Netflix’s Circus of Books is an ode to the iconic Los Angeles gay porn store that became a mainstay for L.A.’s LGBTQ community. Director Rachel Mason also uses the documentary to tell the story of her parents, Karen and Barry Mason, who owned and operated the two Circus of Books stores before the popularity of internet porn took over the market and forced the stores to close. Circus of Books weaves the story of the store and the Mason family with the larger economic, political, and social issues the gay community faced outside the safe haven Circus of Books created.
Read our Interview with Kathryn Robson below:
Awards Daily: Kathryn, let’s start at the beginning. How did you get involved with Circus of Books?

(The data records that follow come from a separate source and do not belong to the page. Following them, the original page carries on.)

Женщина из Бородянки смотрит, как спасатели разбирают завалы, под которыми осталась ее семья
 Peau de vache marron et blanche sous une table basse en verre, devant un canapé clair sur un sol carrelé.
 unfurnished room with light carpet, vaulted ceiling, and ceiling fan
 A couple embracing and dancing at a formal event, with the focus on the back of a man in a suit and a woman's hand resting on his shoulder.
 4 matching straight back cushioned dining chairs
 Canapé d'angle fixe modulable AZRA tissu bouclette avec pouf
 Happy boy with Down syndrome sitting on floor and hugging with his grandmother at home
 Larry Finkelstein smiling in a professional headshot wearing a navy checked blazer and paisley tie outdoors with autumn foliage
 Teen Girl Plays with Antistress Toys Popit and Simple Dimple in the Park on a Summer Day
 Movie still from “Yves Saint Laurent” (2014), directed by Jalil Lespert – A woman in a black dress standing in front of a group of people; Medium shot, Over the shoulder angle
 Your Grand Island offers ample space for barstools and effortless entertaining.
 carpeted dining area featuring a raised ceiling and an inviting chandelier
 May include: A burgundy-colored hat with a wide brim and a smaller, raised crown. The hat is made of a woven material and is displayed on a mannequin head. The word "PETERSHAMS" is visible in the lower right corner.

Kathryn Robson: It’s kind of funny, fortuitous story. I did my Master’s Degree thesis on pornography, the hetero female use of pornography. I had been in L.A. for a few years working as an editor and producer. A producer friend of mine who is also a friend of Rachel’s, we were just talking about my research and she said, ‘Oh my God, I know this director who’s looking for an editor. She’s got a documentary on her parents’ porn store. You have to meet her.’ I met Rachel and she just told me the whole story—told me about the store, told me about her family, her parents, the FBI charges, the raid, everything. It was such an incredible story and I said, ‘I would just love to work on this.’ And we started working together.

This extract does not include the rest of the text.